Transcribe the records word for word, beginning with the first line and ending with the line that contains "Yogi Berra 2000"; include nothing else.

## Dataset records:
╭──

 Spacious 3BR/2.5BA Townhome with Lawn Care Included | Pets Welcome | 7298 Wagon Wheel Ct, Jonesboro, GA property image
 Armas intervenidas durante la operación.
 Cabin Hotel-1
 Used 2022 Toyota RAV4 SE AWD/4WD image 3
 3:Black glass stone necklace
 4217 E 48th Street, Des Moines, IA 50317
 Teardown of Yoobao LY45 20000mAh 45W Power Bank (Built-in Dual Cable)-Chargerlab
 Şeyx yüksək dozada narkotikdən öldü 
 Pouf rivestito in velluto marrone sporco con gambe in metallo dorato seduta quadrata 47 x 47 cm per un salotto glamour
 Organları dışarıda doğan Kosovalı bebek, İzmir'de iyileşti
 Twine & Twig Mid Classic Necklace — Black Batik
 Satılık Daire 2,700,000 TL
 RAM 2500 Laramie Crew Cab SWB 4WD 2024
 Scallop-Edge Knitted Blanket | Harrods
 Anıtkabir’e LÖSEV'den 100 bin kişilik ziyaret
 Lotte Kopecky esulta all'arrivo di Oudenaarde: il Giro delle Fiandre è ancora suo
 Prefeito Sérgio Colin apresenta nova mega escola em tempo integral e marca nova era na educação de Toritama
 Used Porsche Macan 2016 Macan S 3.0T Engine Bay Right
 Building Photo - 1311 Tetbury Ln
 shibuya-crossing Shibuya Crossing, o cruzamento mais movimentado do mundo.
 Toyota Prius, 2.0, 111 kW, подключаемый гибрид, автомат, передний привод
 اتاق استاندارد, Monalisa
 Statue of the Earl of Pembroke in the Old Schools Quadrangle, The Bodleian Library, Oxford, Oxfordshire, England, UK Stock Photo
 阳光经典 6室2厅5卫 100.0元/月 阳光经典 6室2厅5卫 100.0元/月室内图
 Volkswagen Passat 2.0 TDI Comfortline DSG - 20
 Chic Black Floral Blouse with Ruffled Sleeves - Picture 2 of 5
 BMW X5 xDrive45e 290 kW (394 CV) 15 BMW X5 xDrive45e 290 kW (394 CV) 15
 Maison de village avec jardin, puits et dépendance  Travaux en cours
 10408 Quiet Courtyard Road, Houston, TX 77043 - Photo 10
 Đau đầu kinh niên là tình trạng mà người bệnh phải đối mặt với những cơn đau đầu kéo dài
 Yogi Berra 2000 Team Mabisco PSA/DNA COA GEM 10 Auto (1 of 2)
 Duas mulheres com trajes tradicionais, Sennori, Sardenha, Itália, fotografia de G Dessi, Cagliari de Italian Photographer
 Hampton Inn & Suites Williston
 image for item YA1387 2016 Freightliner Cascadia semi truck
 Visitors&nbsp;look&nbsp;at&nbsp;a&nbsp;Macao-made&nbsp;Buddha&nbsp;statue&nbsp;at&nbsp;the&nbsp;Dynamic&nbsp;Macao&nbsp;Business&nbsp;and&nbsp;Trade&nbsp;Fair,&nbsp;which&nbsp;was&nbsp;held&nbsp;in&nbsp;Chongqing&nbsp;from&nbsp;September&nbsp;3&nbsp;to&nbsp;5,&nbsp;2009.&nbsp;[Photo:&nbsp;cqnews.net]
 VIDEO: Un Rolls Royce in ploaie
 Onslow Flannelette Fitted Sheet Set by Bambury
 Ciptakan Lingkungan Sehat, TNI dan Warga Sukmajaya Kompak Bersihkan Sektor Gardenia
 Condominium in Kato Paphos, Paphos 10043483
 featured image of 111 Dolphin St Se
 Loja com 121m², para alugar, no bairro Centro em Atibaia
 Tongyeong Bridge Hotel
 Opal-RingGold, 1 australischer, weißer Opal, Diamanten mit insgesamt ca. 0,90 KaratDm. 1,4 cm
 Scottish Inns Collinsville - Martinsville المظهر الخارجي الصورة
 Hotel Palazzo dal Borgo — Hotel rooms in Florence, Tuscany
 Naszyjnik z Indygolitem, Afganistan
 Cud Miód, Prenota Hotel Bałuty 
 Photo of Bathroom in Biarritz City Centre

╰──

## Solved problem:
 Spacious 3BR/2.5BA Townhome with Lawn Care Included | Pets Welcome | 7298 Wagon Wheel Ct, Jonesboro, GA property image
 Armas intervenidas durante la operación.
 Cabin Hotel-1
 Used 2022 Toyota RAV4 SE AWD/4WD image 3
 3:Black glass stone necklace
 4217 E 48th Street, Des Moines, IA 50317
 Teardown of Yoobao LY45 20000mAh 45W Power Bank (Built-in Dual Cable)-Chargerlab
 Şeyx yüksək dozada narkotikdən öldü 
 Pouf rivestito in velluto marrone sporco con gambe in metallo dorato seduta quadrata 47 x 47 cm per un salotto glamour
 Organları dışarıda doğan Kosovalı bebek, İzmir'de iyileşti
 Twine & Twig Mid Classic Necklace — Black Batik
 Satılık Daire 2,700,000 TL
 RAM 2500 Laramie Crew Cab SWB 4WD 2024
 Scallop-Edge Knitted Blanket | Harrods
 Anıtkabir’e LÖSEV'den 100 bin kişilik ziyaret
 Lotte Kopecky esulta all'arrivo di Oudenaarde: il Giro delle Fiandre è ancora suo
 Prefeito Sérgio Colin apresenta nova mega escola em tempo integral e marca nova era na educação de Toritama
 Used Porsche Macan 2016 Macan S 3.0T Engine Bay Right
 Building Photo - 1311 Tetbury Ln
 shibuya-crossing Shibuya Crossing, o cruzamento mais movimentado do mundo.
 Toyota Prius, 2.0, 111 kW, подключаемый гибрид, автомат, передний привод
 اتاق استاندارد, Monalisa
 Statue of the Earl of Pembroke in the Old Schools Quadrangle, The Bodleian Library, Oxford, Oxfordshire, England, UK Stock Photo
 阳光经典 6室2厅5卫 100.0元/月 阳光经典 6室2厅5卫 100.0元/月室内图
 Volkswagen Passat 2.0 TDI Comfortline DSG - 20
 Chic Black Floral Blouse with Ruffled Sleeves - Picture 2 of 5
 BMW X5 xDrive45e 290 kW (394 CV) 15 BMW X5 xDrive45e 290 kW (394 CV) 15
 Maison de village avec jardin, puits et dépendance  Travaux en cours
 10408 Quiet Courtyard Road, Houston, TX 77043 - Photo 10
 Đau đầu kinh niên là tình trạng mà người bệnh phải đối mặt với những cơn đau đầu kéo dài
 Yogi Berra 2000 Team Mabisco PSA/DNA COA GEM 10 Auto (1 of 2)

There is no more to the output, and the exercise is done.